__Data in this exercise__:
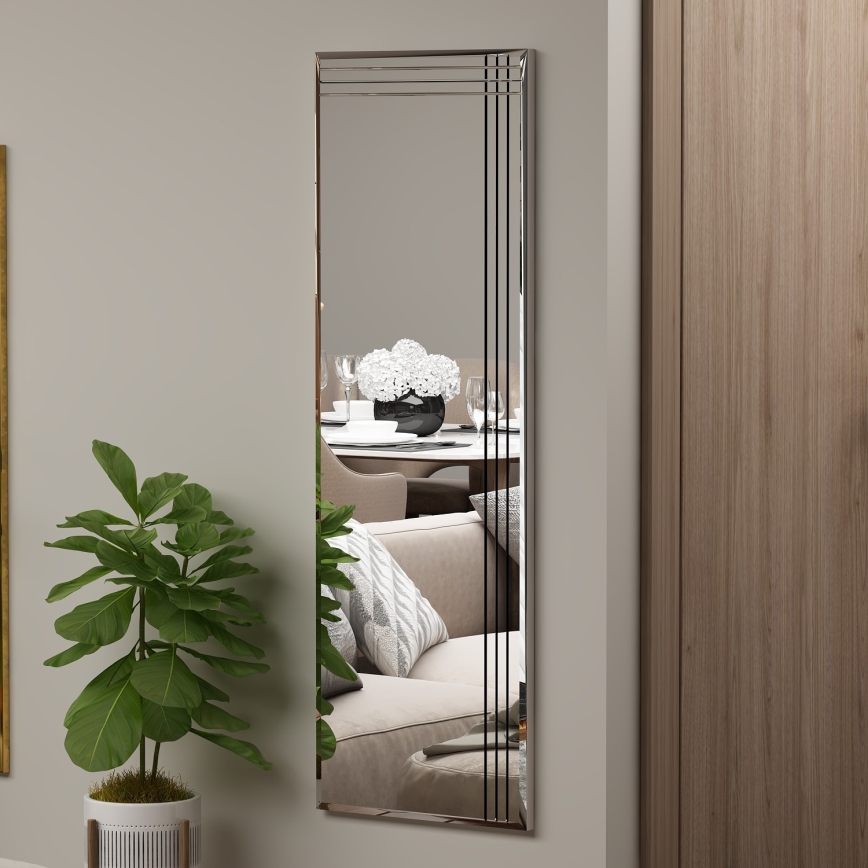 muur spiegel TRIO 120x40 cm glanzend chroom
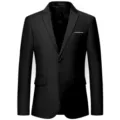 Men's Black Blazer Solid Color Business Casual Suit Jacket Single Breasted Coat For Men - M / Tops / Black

---

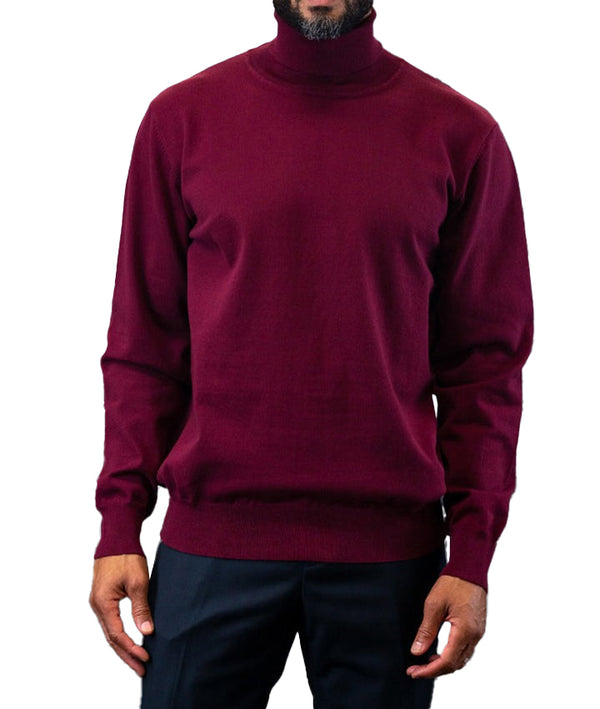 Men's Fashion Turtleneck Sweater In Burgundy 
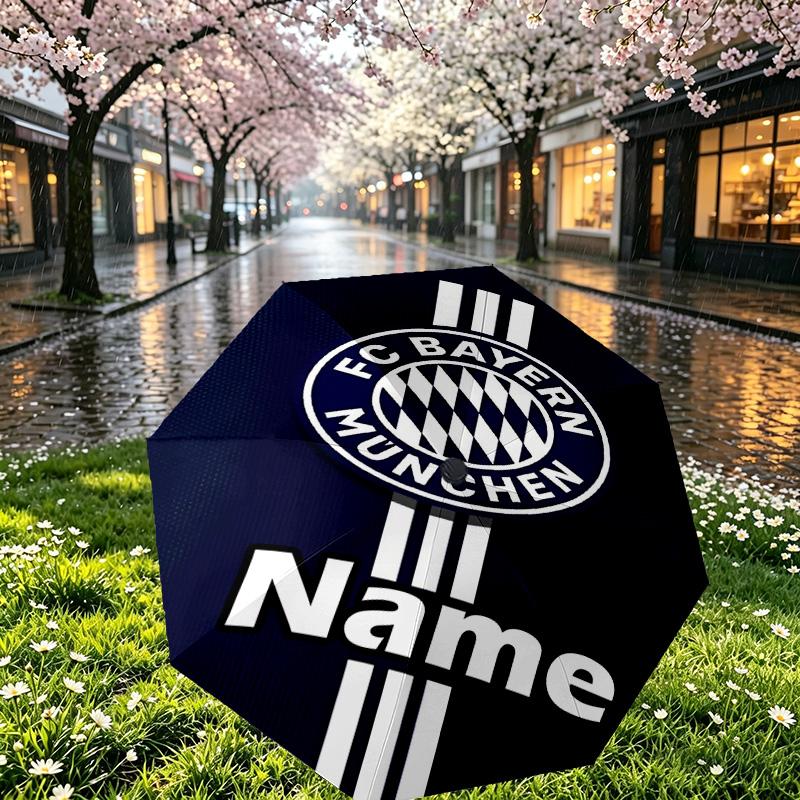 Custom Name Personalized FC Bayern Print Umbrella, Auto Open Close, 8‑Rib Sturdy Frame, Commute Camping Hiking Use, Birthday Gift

__What is needed__:
In the entries above, find the line containing "muur spiegel TRIO 120x40 cm glanzend chroom" and the line containing "Men's Black Blazer"; give again exactly those two lines and every line between them, minus the pictures.

__Answer box__:
 muur spiegel TRIO 120x40 cm glanzend chroom
 Men's Black Blazer Solid Color Business Casual Suit Jacket Single Breasted Coat For Men - M / Tops / Black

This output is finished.